======== THE DATA ========
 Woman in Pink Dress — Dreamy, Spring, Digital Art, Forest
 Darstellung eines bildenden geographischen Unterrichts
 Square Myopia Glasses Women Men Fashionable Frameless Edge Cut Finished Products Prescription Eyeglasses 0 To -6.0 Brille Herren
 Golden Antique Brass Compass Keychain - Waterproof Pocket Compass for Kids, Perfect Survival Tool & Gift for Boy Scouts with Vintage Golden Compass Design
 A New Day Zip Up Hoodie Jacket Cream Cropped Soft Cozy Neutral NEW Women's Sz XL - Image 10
========
======== THE DATA ========
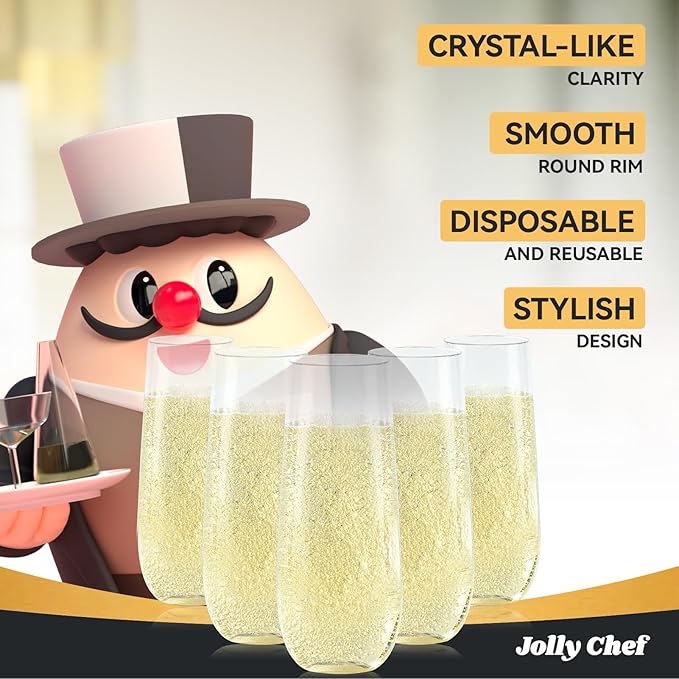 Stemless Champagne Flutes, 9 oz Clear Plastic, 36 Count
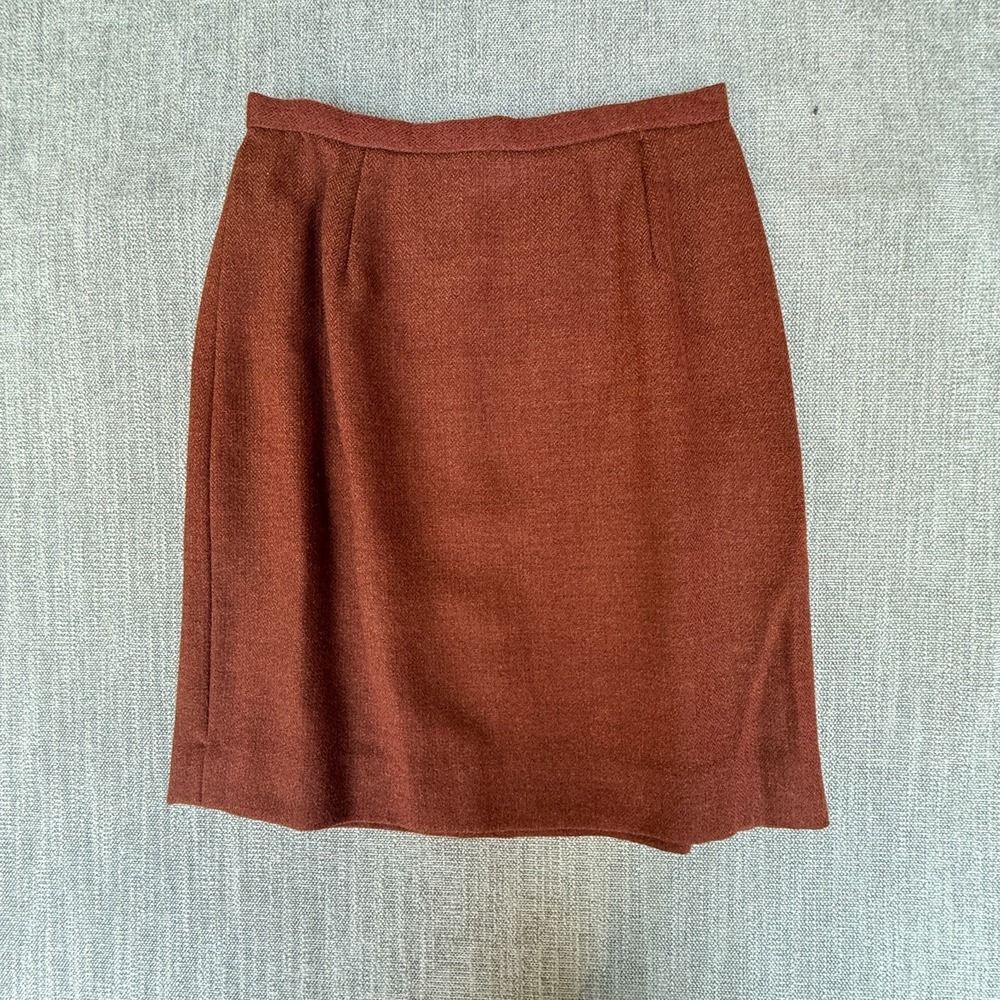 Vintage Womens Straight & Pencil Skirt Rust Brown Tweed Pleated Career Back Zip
========
======== THE DATA ========
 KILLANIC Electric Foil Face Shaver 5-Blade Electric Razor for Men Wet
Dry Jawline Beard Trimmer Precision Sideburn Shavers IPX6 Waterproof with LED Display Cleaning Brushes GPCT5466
========
== TASK DETAILS ==
A bare number is all that is asked for: the count of lines above that include "with".

== TASK ANSWER ==
2